Through the last line of the entries, please copy every line exactly, starting with the one that contains "Tortoise 316 Surgical".

**** Records provided

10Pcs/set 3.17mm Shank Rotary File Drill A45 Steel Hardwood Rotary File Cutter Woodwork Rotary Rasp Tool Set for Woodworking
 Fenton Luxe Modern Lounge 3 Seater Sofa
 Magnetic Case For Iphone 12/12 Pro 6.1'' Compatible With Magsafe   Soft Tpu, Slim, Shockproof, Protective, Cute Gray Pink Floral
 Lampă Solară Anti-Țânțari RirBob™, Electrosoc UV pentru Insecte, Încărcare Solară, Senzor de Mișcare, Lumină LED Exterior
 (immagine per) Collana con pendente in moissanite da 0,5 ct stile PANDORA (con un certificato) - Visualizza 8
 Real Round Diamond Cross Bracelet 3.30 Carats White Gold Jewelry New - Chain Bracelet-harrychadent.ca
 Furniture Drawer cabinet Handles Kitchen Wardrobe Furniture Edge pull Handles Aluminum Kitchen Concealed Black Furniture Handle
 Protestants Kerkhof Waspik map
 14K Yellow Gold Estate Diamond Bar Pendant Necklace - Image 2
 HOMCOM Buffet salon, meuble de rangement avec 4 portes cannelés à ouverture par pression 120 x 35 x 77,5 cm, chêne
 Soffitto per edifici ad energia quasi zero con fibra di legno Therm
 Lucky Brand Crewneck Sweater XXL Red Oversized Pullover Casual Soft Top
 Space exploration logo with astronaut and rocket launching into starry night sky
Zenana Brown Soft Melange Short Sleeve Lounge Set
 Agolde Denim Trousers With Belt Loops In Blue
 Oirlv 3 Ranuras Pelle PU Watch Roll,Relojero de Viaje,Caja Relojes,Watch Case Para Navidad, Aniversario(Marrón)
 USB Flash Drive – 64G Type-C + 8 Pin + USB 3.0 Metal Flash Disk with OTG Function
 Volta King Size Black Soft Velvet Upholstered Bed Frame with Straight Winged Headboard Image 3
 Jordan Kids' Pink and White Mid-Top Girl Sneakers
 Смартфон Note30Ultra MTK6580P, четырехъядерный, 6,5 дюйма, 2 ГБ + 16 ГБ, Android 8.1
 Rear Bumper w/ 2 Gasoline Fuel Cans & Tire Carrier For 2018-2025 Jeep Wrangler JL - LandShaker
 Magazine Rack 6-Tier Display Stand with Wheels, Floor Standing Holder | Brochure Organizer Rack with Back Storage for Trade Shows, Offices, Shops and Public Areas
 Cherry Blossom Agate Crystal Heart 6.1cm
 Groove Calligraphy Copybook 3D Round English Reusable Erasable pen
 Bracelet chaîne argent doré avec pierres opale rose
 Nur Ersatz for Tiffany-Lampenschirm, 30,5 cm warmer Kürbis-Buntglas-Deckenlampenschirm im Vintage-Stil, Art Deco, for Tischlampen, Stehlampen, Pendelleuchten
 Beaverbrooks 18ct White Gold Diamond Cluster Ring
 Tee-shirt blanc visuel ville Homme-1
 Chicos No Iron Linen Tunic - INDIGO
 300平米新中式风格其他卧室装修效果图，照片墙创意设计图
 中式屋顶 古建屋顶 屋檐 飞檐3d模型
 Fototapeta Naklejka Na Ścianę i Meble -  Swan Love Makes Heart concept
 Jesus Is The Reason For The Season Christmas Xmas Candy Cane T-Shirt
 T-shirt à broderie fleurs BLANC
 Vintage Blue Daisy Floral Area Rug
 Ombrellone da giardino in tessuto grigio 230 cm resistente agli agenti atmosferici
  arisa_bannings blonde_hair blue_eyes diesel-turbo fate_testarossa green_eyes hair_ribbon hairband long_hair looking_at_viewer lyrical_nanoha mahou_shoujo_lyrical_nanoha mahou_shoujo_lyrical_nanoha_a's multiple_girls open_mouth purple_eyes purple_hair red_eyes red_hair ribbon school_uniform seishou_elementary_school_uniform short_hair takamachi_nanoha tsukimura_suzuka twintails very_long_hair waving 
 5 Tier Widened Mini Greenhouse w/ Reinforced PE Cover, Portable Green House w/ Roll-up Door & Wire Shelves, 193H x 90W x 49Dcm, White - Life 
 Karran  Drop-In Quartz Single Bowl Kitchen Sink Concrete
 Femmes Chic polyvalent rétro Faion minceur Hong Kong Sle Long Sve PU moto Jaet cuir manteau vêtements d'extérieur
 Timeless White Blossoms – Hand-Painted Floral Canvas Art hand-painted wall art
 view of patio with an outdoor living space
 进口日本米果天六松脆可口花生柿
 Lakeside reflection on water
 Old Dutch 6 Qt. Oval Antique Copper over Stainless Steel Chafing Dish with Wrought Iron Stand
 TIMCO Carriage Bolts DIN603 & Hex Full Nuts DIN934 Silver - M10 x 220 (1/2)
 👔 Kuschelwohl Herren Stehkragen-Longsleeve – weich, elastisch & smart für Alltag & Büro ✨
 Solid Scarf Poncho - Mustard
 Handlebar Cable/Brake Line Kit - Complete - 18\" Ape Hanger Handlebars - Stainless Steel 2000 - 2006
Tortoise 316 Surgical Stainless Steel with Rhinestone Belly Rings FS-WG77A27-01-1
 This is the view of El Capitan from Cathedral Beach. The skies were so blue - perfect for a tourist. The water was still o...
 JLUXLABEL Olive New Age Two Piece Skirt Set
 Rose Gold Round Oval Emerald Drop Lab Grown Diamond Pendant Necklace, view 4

********

**Final answer**
Tortoise 316 Surgical Stainless Steel with Rhinestone Belly Rings FS-WG77A27-01-1
 This is the view of El Capitan from Cathedral Beach. The skies were so blue - perfect for a tourist. The water was still o...
 JLUXLABEL Olive New Age Two Piece Skirt Set
 Rose Gold Round Oval Emerald Drop Lab Grown Diamond Pendant Necklace, view 4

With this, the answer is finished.